Flash forward 2 weeks later with the patches and some good rest, I felt fully healed and back to normal!
Looking back on the experience, I don’t think I have ever ridden a bike for that many hours in a single day: 5 hours of biking, plus climbing and trekking AND falling… Let’s just say that I expected my leg muscles to look really good for the next few days and that I might be staying away from bikes for a while. Just in case…
Like many countries in the world, Singapore also has miniature culture towns across the country, including Chinatown, Little India, and Kampong Glam (Malaysia Town). Check out my highlights from each of the spots:
Like many Chinatowns worldwide, Singapore’s also features a range of Chinese ethnic cuisines, as well as a mix of Indian and Vegetarian. Little marketplaces and stalls lined the streets and I was able to buy a bunch of Singapore postcards to send back home to friends and family (Except I bought them and wrote them but still have yet to mail them… Ohhh Jasmin…)
The postcards I need to mail ASAP…
One of the things I really loved about Chinatown was the cultural and religious aspect. There were a few Chinese temples, and I actually got to go inside one of them and try a Chinese form of prayer. How it works is you get an incense stick for the number of people you wish you pray for (I did one for each of my family members), and as they’re burning, you kneel down and ask the Buddha what you wish for each person. I personally am not Buddhist, but I love immersing myself in various cultural experiences; it’s such a mind opener! Definitely a memorable experience in Chinatown.
Performing a prayer ritual in a Chinese temple
One of the reasons I loved this town was because it is so unique to Singapore. Kampong Glam is also known as “Malaysia Town” and it was great to try so many unique foods and experiences (P.S. if you haven’t been able to tell, I LOVE food…). The first one was known as “Teh Tarik.” Teh meaning tea and Tarik meaning “pull.” Essentially, pulled milk tea, but served over ice in a bag because the heat in Singapore always calls for a nice cold drink! But something was different about this milk tea than from back home. It may have been the process of making it, or the “pulling”, but it really does have a strong, almost masala like flavour. Very, very good.
Kampong Glam is home to one of the most famous mosques in Singapore, known commonly as the “Golden Dome” mosque. The people there were the sweetest I’ve ever met and were really welcoming to let us tour and see the inside of the mosque. The architecture was breathtaking AND we even got to see a wedding in the process, which was really cool!
The Golden Dome Mosque in Singapore, absolutely beautiful!
After the mosque, it was time to explore some food!! We found a little restaurant that’s well known for it’s authentic food, and man oh man, it was good! The most interesting food experience I had was eating “Murtabak.” The best way to describe Murtabak, is a large flour dough that’s rolled out and eggs and spices are spread out and rolled onto it.
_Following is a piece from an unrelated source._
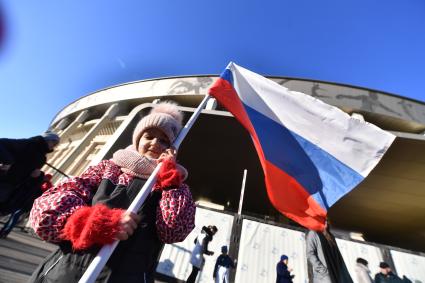 Москва. Участница митинга-концерта в `Лужниках`, посвященного 8-й годовщине воссоединения Крыма с Россией.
Afterwards, a “filling” is added, which can be anything from chicken, lamb, sardines or plain veggies. It’s then folded up and fried on a hot plate until everything is crispy. Think of a phyllo pastry wrap but with meat and veggies. And then, it’s cut into smaller triangles and served with a curry on the side to dip them in. Super unique and really delicious! I’m determined to find somewhere in Toronto that has Malay cuisine and I encourage you to test it out too!
Eating some Murtabak for Lunch
So, I do enjoy eating Indian food back home, especially because butter chicken is on my top 5 favorite foods ever in life. Coming from a Guyanese-Canadian family, my dad loves to experiment with all types of foods and cuisines (he’s also a part time chef!). But, somehow, I still think he can’t nail Indian food as authentically as Little India.
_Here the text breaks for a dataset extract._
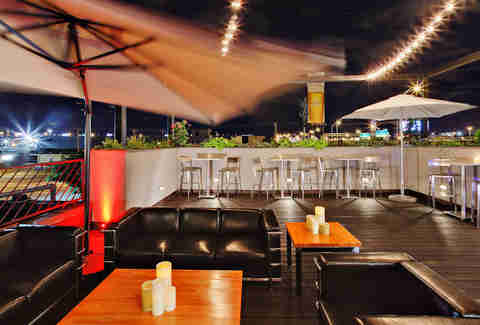 Best Rooftop Bars in Philadelphia: Philly Bars With a View - Thrillist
Enjoying some coconut water after getting some lovely henna done in Little India
Singapore’s Little India was no exception to the wondrous flavours and tastes of Indian food. After exploring a couple cute shops and marketplaces, we (myself and my friend Katie) sat down at a restaurant called “Banana Leaf Apollo.” UN. REAL. Like zero regrets whatsoever because I think I had the creamiest, most-delicious butter chicken in my life served with a side of garlic naan. It was also amazing because you actually eat off a banana leaf instead of a regular plate. So, you spoon out portions of the food onto your leaf and eat it. One thing I love about Indian food is the communal feel of sharing dishes and variety of spices and aromas within the food.
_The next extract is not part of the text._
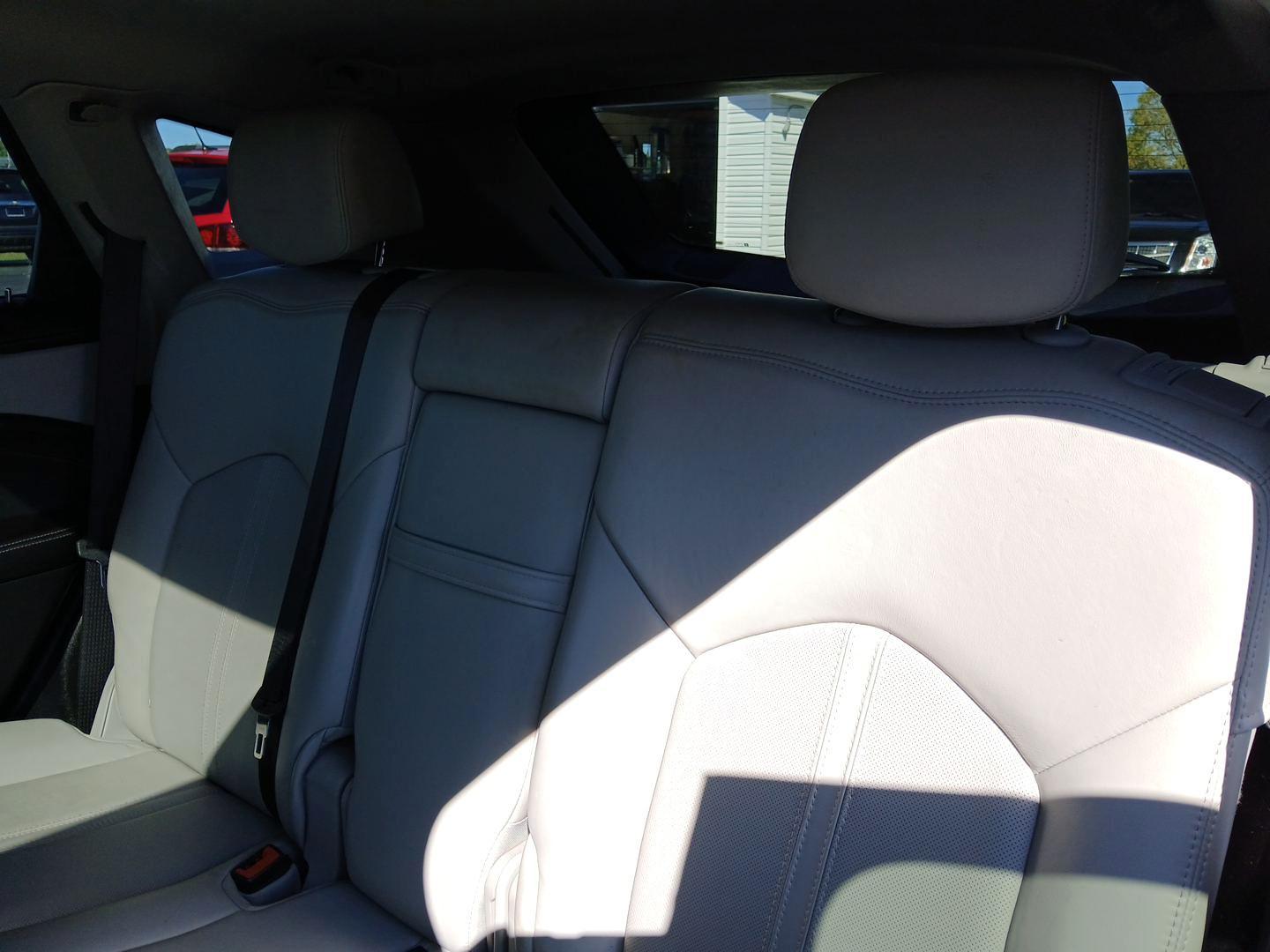 2014 Cadillac SRX Luxury Collection AWD (3GYFNEE30ES) with an 3.6L V6 DOHC 24V FFV engine, 6-Speed Automatic transmission, located at 880 E. National Road, OH, 45377, (937) 908-9800, 39.891918, -84.183975 - Photo#9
The best butter chicken EVER.
After having lunch, we scoped out a restaurant that was known to have the best “Kulfi” (also known as Indian Ice Cream) in the whole town. Once again, my expectations were COMPLETELY blown away! It was really rich and thick, filled with spices you wouldn’t expect in normal ice cream, like cardamom, cinnamon, and pistachios! (Not kidding I’ve gone back to the restaurant at least 3 more times just to eat Kulfi and then go back to residence HAHA).
Exploring the colourful shops of Little India
Overall, I’d have to say Little India was definitely one of my favourites. The experience was heightened by the good company of a close friend and great conversations about our goals, values and reflecting and appreciating our time abroad so far. To be honest, through any experience in life, regardless of if you’re abroad studying or not, I’ve learned that experiences shared with others are so much more meaningful. And that sometimes, it’s not necessarily what you’re doing, but who you’re with. Definitely a wise piece of wisdom I’ve learned and I hope you can use it too!
So that’s been Singapore in the smallest nutshell I could fit it in so far. But, get excited for my next blog post, where you’ll hear about my first trip outside of Singapore… VIETNAM!! (I may or may not have done some tobogganing… down Sand Dunes!!! (Inner Canadian was SO happy). Stay tuned and I’ll talk to you guys soon!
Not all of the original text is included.